[YOUR ASSIGNMENT] Please give, word for word, the line containing "this 600×400 image." and every line that comes after it in the data below.

[SUPPLIED INFORMATION]
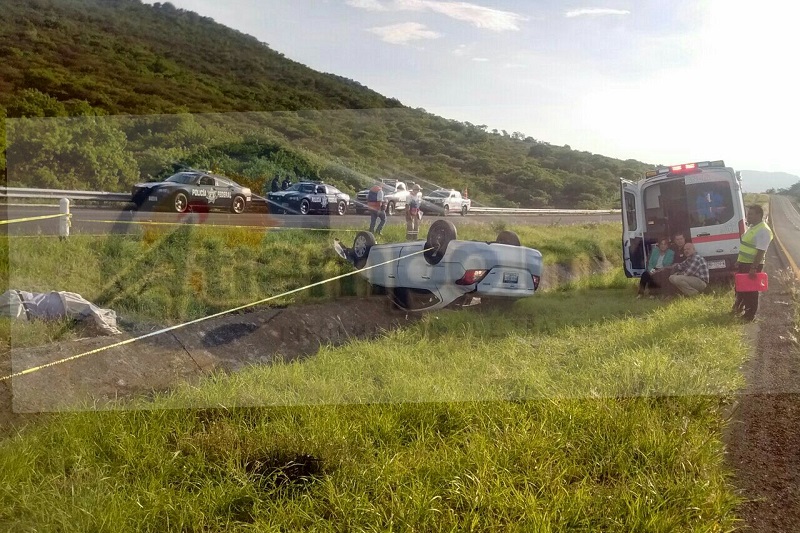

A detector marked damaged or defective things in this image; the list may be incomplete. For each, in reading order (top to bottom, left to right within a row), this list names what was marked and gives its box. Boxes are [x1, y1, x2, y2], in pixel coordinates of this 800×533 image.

overturned white car [332, 220, 544, 312]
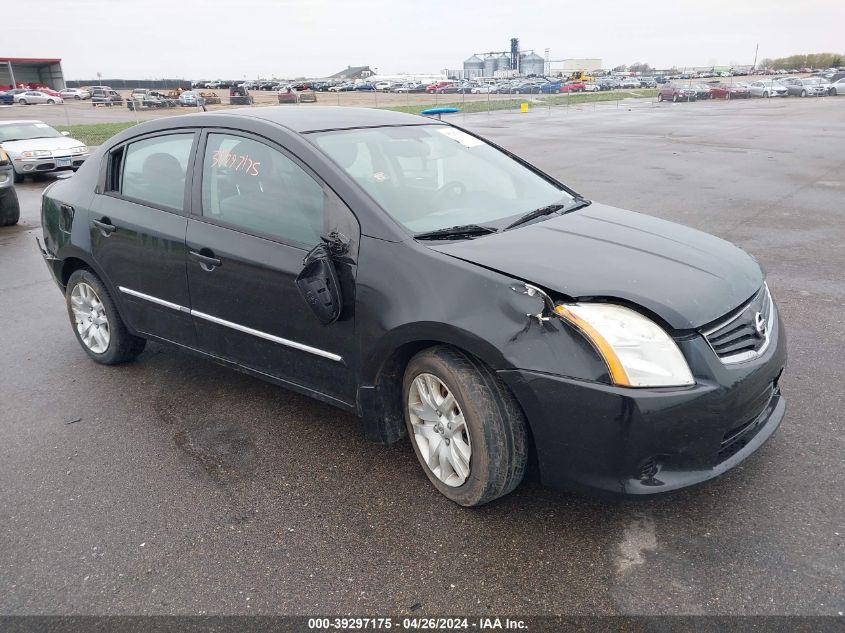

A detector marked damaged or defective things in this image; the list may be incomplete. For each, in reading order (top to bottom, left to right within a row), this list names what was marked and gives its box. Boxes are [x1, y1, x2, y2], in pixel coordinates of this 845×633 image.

cracked headlight [552, 302, 692, 388]
damaged front bumper [502, 314, 784, 496]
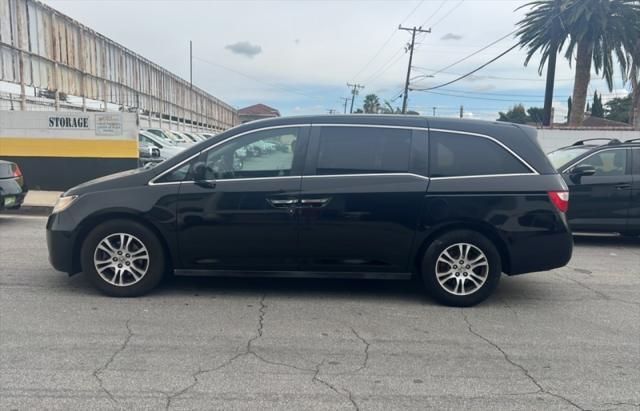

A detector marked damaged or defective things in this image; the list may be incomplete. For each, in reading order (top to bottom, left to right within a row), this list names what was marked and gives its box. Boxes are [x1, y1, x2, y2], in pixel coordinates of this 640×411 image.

road crack [92, 318, 132, 402]
cracked pavement [0, 217, 636, 410]
road crack [460, 310, 584, 410]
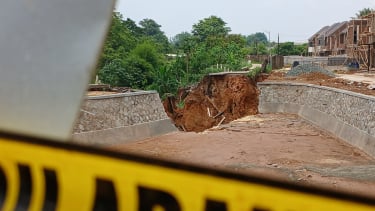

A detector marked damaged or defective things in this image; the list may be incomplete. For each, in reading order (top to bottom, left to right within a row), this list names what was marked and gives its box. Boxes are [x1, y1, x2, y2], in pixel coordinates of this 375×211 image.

erosion damage [164, 73, 262, 131]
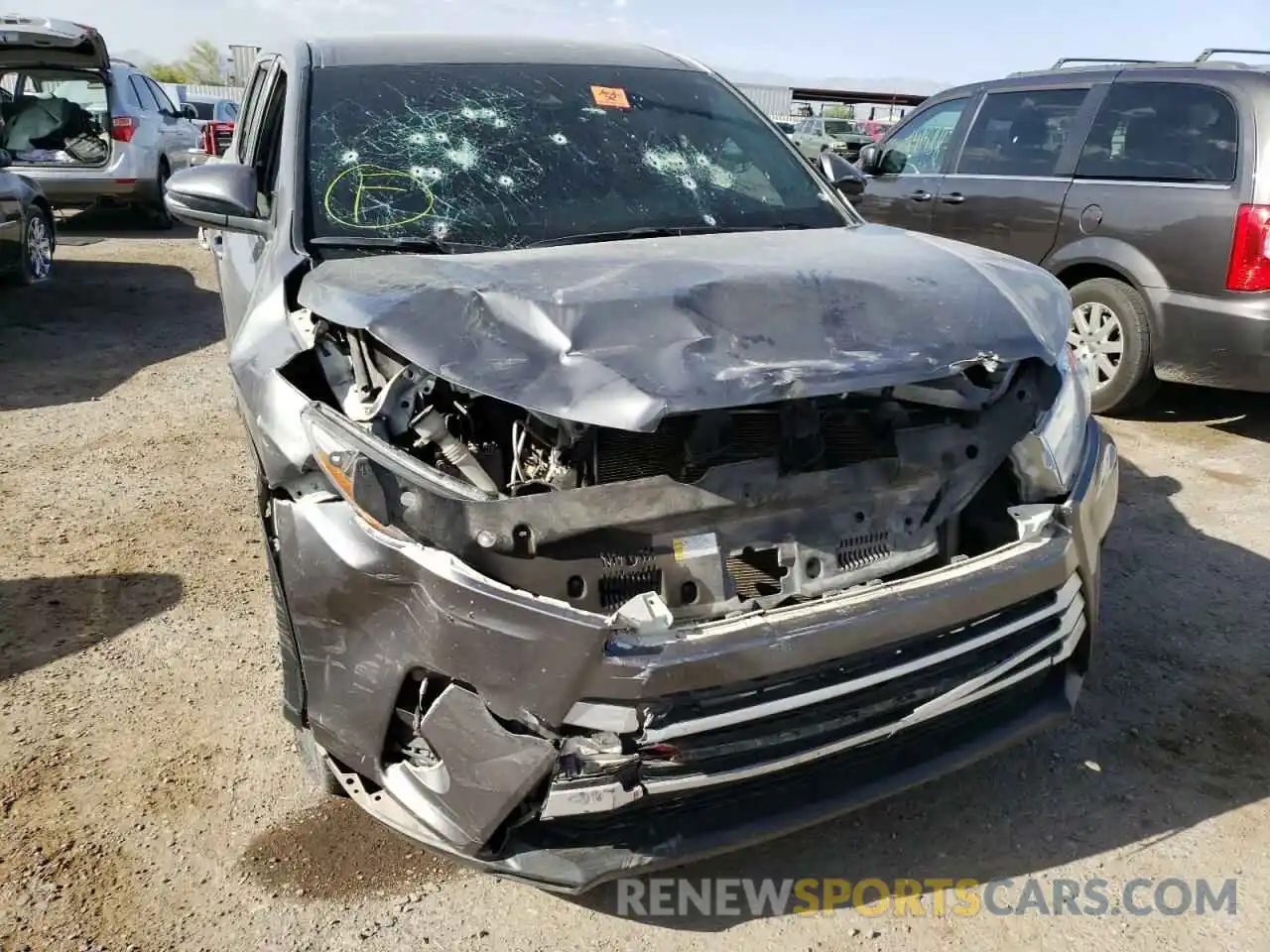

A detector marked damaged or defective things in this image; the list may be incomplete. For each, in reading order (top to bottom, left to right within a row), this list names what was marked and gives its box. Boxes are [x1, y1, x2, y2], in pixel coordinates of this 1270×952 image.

shattered windshield [302, 61, 849, 251]
wrecked vehicle [161, 35, 1119, 892]
severely damaged hood [298, 223, 1072, 432]
broken headlight [1012, 347, 1095, 498]
crushed front bumper [274, 418, 1119, 892]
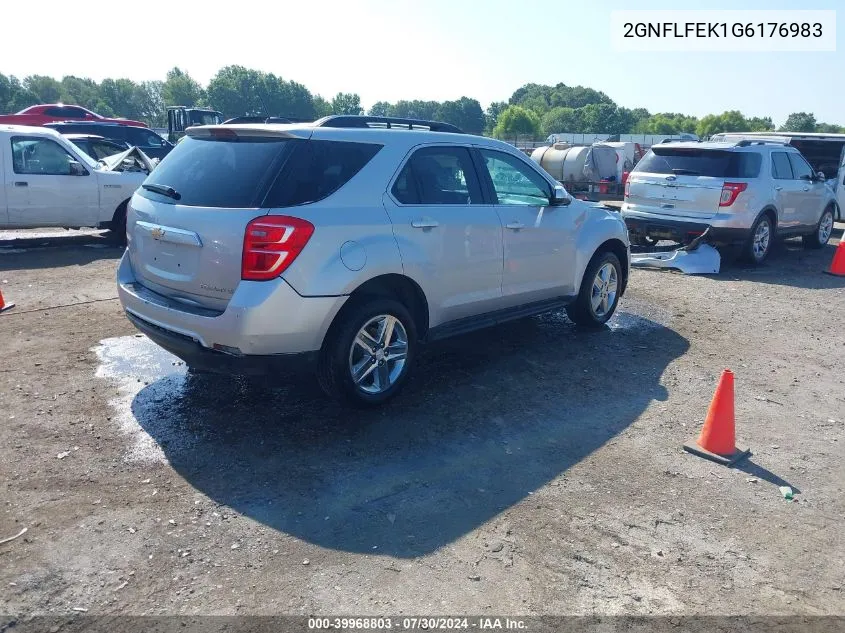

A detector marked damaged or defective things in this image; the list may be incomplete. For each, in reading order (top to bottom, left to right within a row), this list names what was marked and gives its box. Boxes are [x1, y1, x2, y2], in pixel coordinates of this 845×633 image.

damaged white car [0, 123, 153, 242]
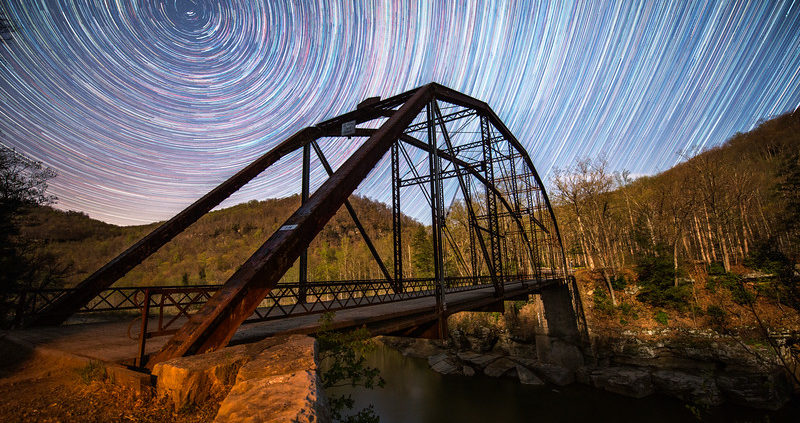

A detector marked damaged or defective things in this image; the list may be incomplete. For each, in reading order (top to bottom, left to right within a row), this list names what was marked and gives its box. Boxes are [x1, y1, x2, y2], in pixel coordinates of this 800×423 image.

rusty iron bridge [9, 84, 584, 370]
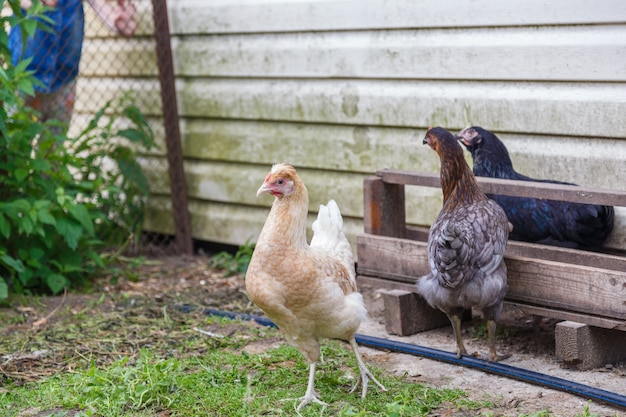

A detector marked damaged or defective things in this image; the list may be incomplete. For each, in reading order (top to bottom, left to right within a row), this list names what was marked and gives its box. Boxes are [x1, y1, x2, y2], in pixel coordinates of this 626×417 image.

rusty metal post [150, 0, 191, 254]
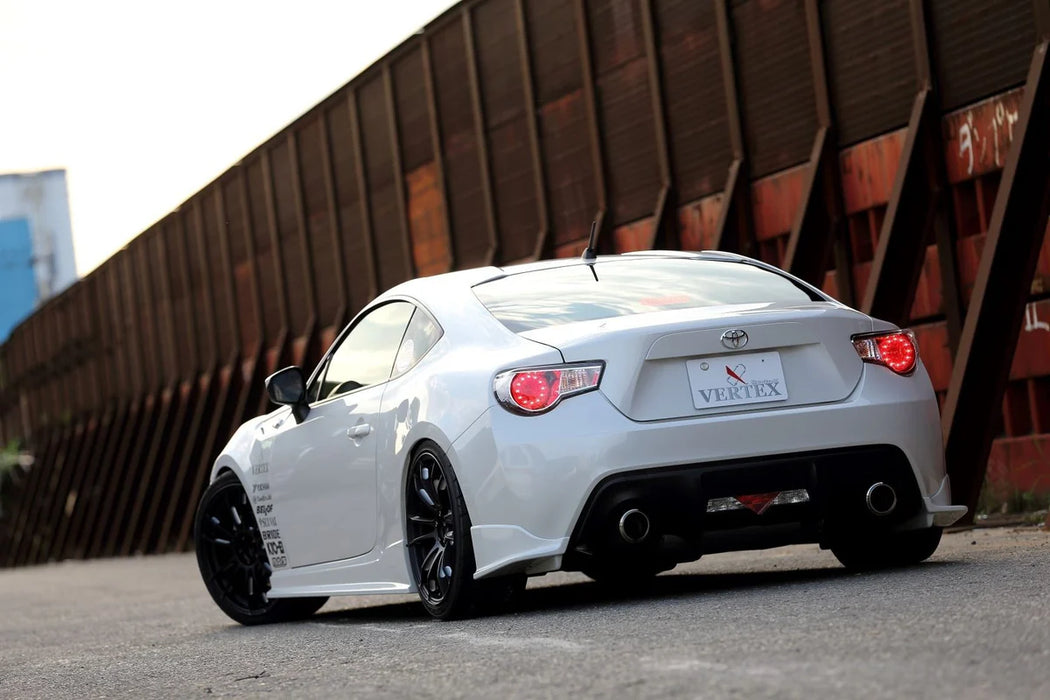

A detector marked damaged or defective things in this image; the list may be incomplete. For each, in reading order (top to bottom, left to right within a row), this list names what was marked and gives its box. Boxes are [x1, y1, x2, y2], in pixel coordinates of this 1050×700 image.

rusted steel panel [327, 93, 382, 312]
rusted steel panel [428, 17, 489, 268]
rusted steel panel [592, 0, 655, 225]
rusted steel panel [655, 0, 730, 202]
rusted steel panel [734, 0, 814, 178]
rusted steel panel [823, 0, 915, 146]
rusted steel panel [944, 87, 1024, 183]
rusted steel panel [932, 0, 1037, 110]
cracked asphalt [0, 528, 1045, 696]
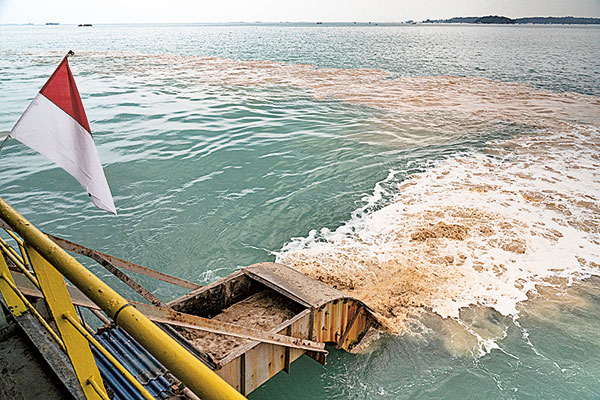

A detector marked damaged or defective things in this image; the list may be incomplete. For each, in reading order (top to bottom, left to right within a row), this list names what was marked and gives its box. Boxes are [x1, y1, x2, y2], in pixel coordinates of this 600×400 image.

rusty metal structure [0, 198, 378, 400]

[THE ANSWER]
A detector marked damaged or defective things in this image; the list may be incomplete. For each, in reading order (top to bottom, left to right within a row), this list names what was marked and gives its box. Boxes are [x1, y1, x2, y2], in pixel coordinates of this 600×400 image.

rusty metal structure [0, 198, 378, 400]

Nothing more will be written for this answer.